__Records shown__:
----------

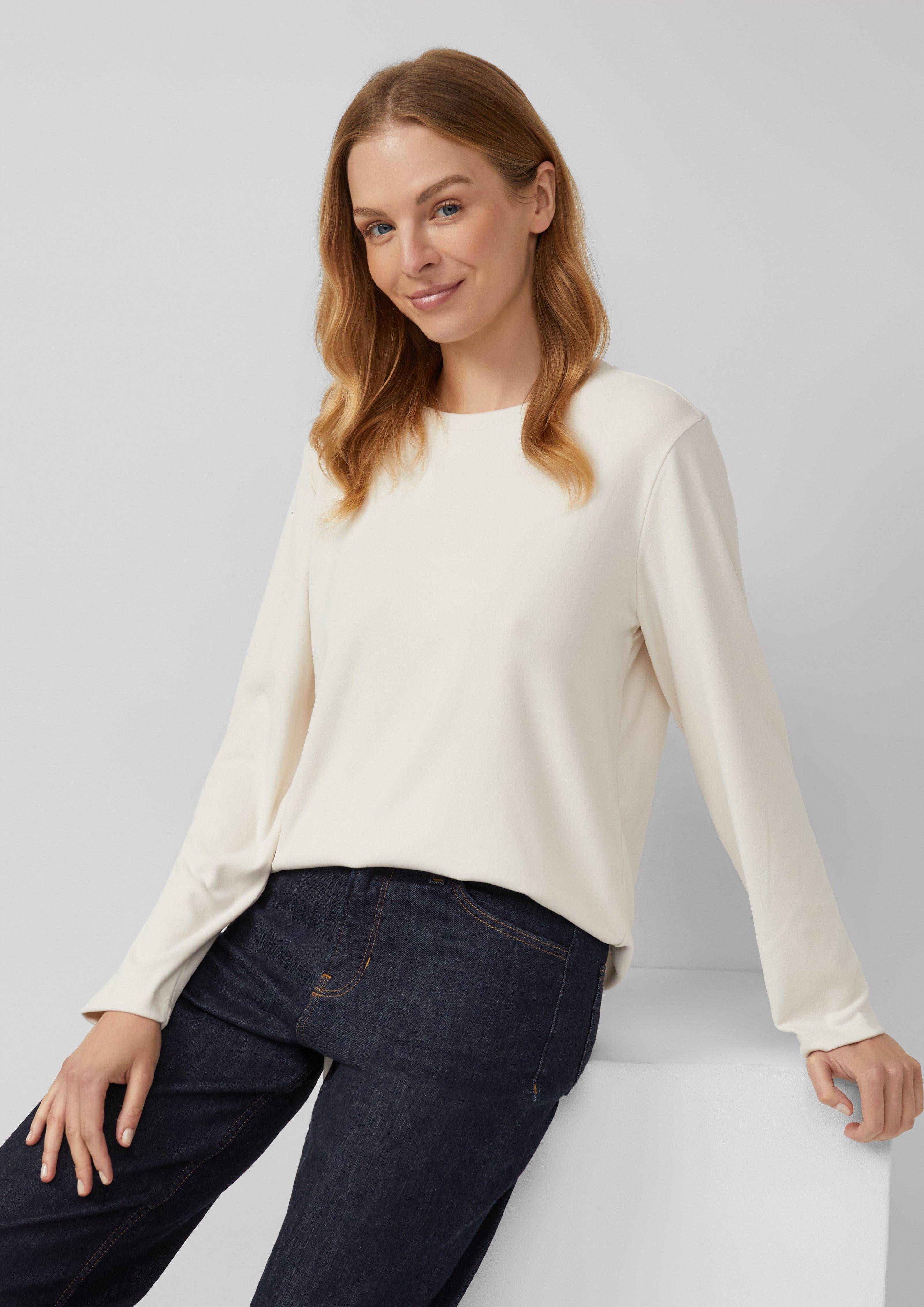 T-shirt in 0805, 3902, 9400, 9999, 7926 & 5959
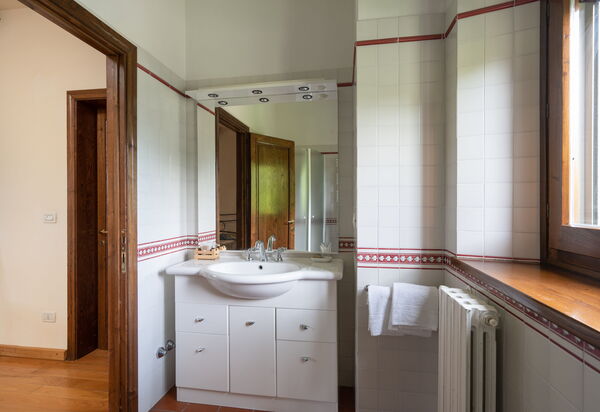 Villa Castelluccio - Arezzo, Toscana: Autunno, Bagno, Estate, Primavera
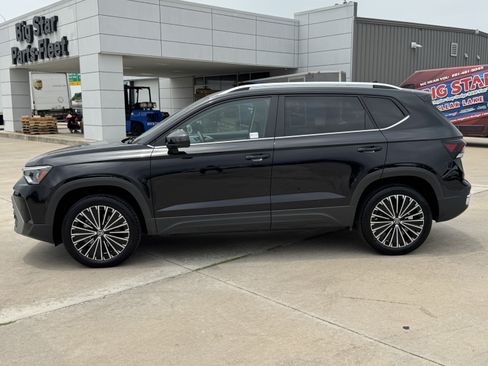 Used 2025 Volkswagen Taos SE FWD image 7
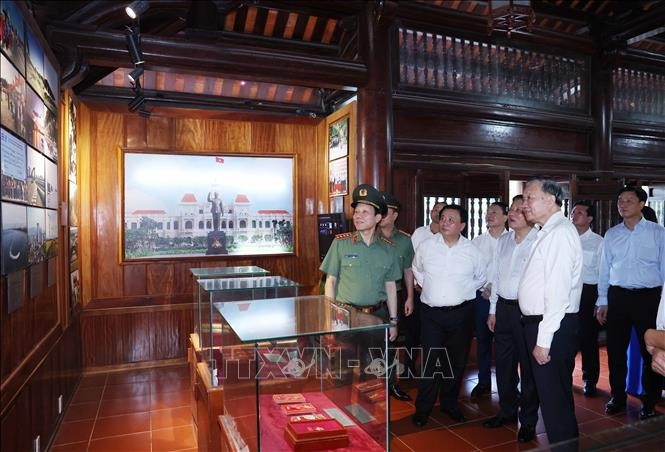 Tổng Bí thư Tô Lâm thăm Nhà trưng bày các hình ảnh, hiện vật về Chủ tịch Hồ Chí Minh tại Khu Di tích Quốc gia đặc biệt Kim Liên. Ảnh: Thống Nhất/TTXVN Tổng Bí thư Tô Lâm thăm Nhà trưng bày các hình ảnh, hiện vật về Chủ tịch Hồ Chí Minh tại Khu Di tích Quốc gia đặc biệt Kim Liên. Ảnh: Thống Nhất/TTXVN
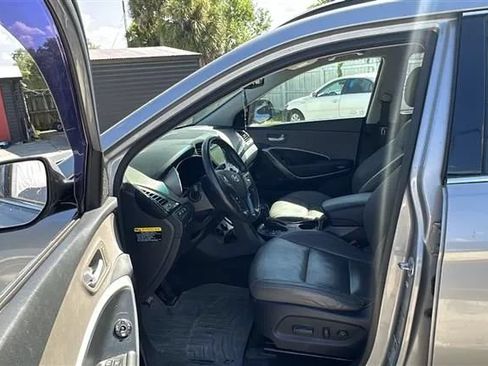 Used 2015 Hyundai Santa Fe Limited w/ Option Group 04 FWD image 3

----------

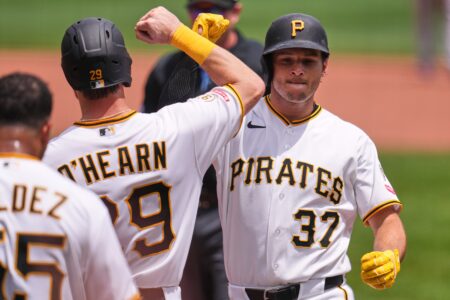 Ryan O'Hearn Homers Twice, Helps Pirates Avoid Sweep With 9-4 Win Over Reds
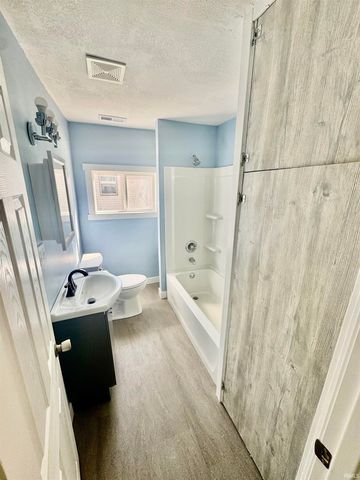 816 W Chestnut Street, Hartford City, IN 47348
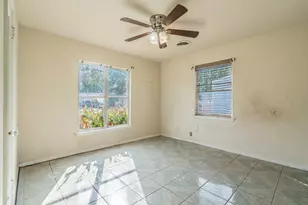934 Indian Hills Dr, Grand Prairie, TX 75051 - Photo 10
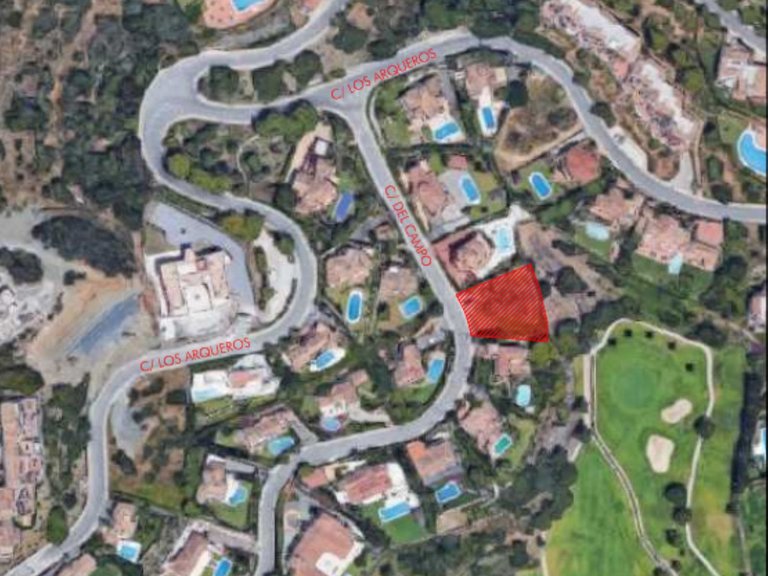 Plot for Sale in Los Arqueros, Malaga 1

----------

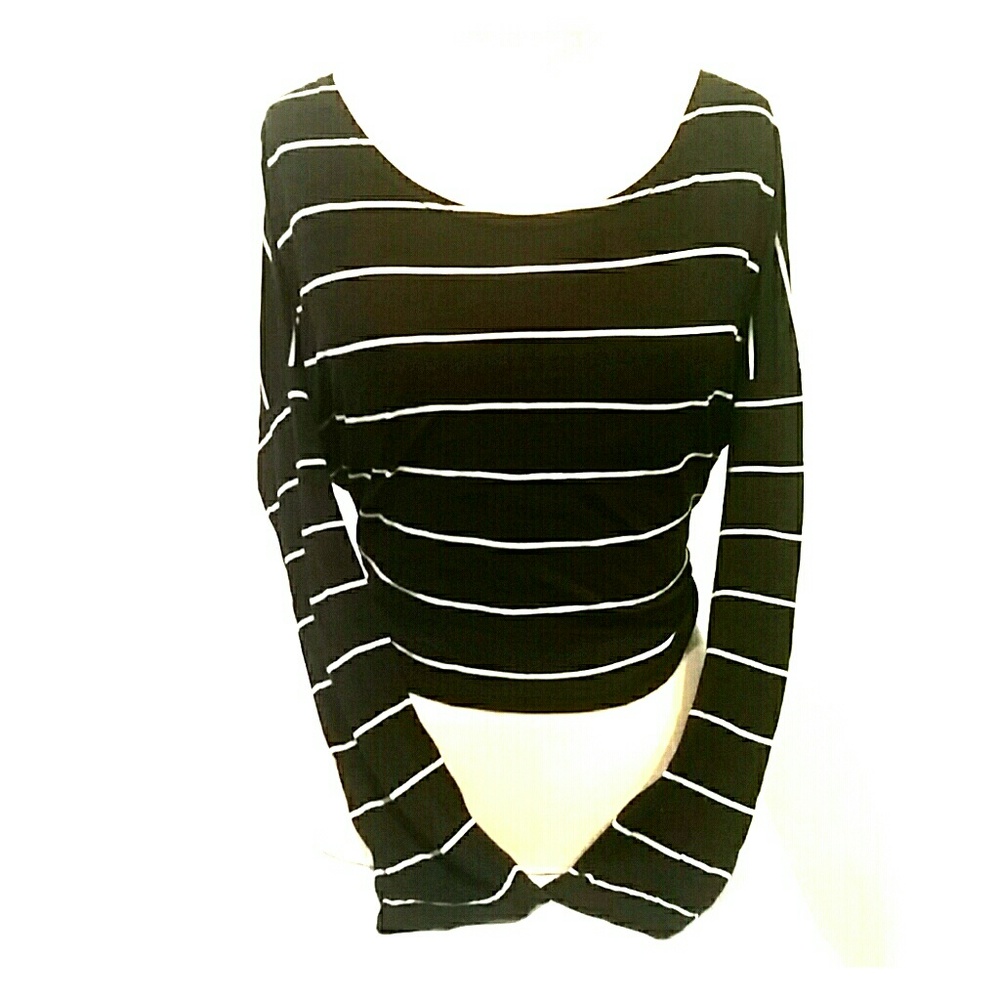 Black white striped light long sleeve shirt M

----------

__Task prompt__: Using the entries above, extract exactly the lines from the one that contains "Thống Nhất/TTXVN Tổng" through the one that contains "Used 2015 Hyundai". Do not carry over any pictures.

__Finished exercise__:
 Tổng Bí thư Tô Lâm thăm Nhà trưng bày các hình ảnh, hiện vật về Chủ tịch Hồ Chí Minh tại Khu Di tích Quốc gia đặc biệt Kim Liên. Ảnh: Thống Nhất/TTXVN Tổng Bí thư Tô Lâm thăm Nhà trưng bày các hình ảnh, hiện vật về Chủ tịch Hồ Chí Minh tại Khu Di tích Quốc gia đặc biệt Kim Liên. Ảnh: Thống Nhất/TTXVN
 Used 2015 Hyundai Santa Fe Limited w/ Option Group 04 FWD image 3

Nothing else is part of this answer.